The “due diligence conducted in relation to the ABN AMRO acquisition was insufficient and inadequate in relation to the risks involved”

The Financial Services Authority has today published its report into the failure of Royal Bank of Scotland.  One of the principal causes of the collapse of RBS was its acquisition of ABN AMRO, which the FSA concludes was conducted “without appropriate heed to the risks involved and with inadequate due diligence”.  The FSA press release is here and the full report can be read here.

However, the FSA has decided to take no action with regard to that due diligence failure, for the following reasons (at section 2.3 of Part 3 of the report, at paragraph 247):

“• It [the FSA] did not identify material failures in the processes followed by the Board to govern its decision-making during the acquisition or instances where knowingly inaccurate or unreliable due diligence information was presented to or withheld from the Board.

• It did not find evidence that Board members were pressured by the executive or that the executive had acted inappropriately to push through the decision to proceed with the acquisition.

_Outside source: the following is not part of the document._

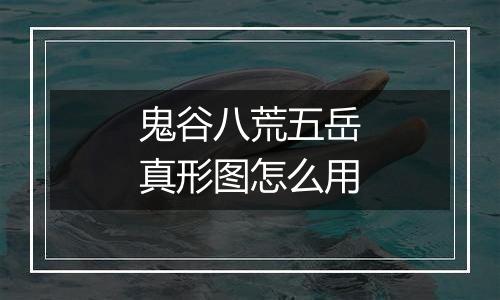 鬼谷八荒五岳真形图怎么用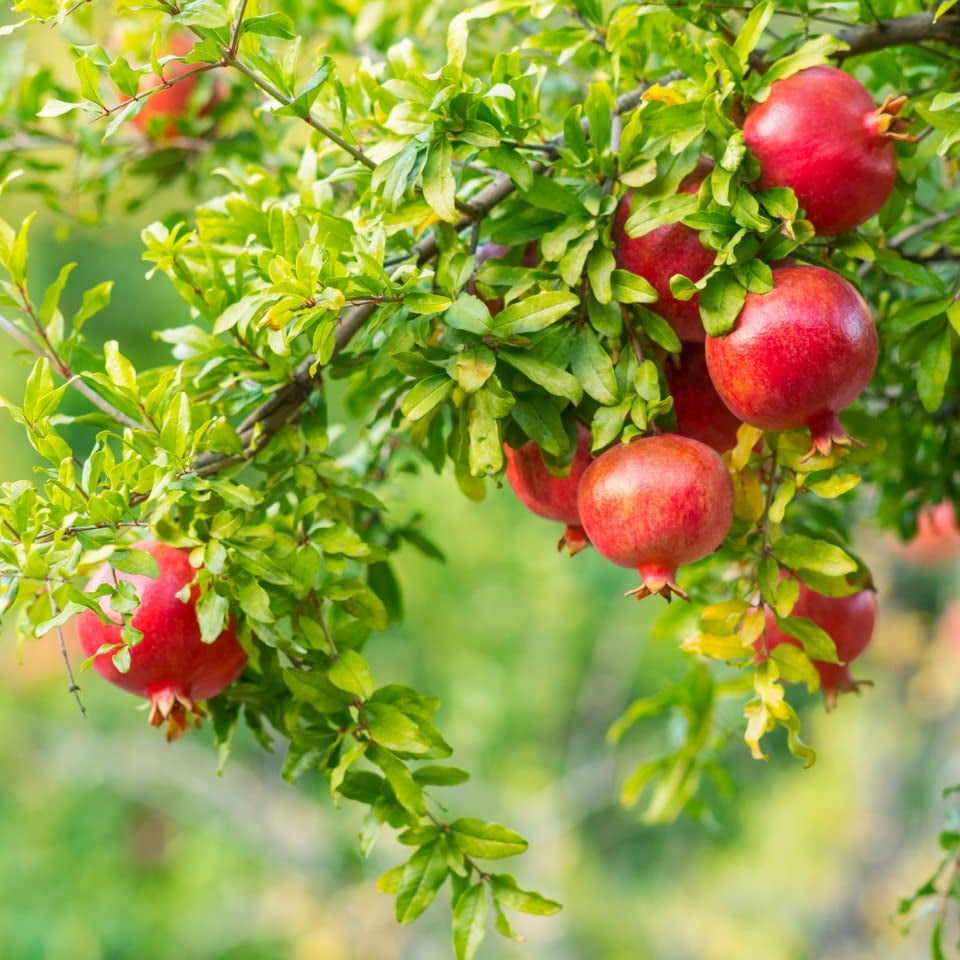 Rodiul "Granatum Wonderful"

• The RBS Board received legal advice as to whether it had given the acquisition proper consideration and whether the amount of due diligence undertaken was in line with generally accepted practice.

• When it became apparent that the market conditions were deteriorating in 2007, RBS sought legal advice on its ability to withdraw from the acquisition or reduce the price.

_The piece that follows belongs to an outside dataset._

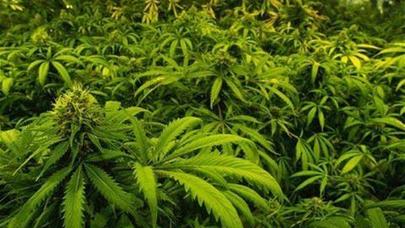 Azərbaycanda Dövlət Qoruğunda narkotik kolları aşkarlandı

• There are no rules, codes, or practice standards which define the appropriate and required level of due diligence in a takeover. In the absence of such rules, codes or practice standards, the decision to proceed with the takeover would have to be so obviously wrong at the time that it was clearly outside the bounds of reasonableness.

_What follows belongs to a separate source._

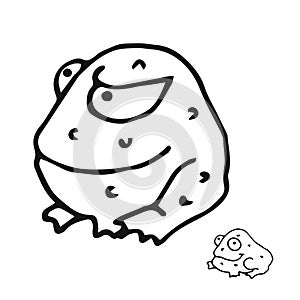 Toad anuran on a white background. Isolated vector illustration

• The degree to which the extent of the due diligence conducted and the overall limitations of the transaction were transparently communicated to investors, the FSA and the general public meant in this case that the deficiencies in the due diligence could not in themselves be the basis for a successful enforcement action.”

The FSA report states that the legal advice referred to above “is subject to legal professional privilege and cannot be referred to in this Report. [The FSA] Enforcement Division took account of the fact that legal advice had been sought as well as the content of the advice”.

Earlier in the FSA report, discussing an RBS Chairman’s Committee discussion during the period when the RBS Board was considering the ABN AMRO acquisition in the context of the problems caused by ABN AMRO’s sale of its La Salle business, the report notes that:

“The minutes of the meeting recorded that RBS’s various advisers were comfortable with the transaction[i.e the ABN AMRO acquisition] and that it had received advice from its lawyers, Linklaters, on the issue of whether the RBS Board had given the proposed transaction proper consideration.”

That is one of only two named references to RBS’s lawyers in the FSA report.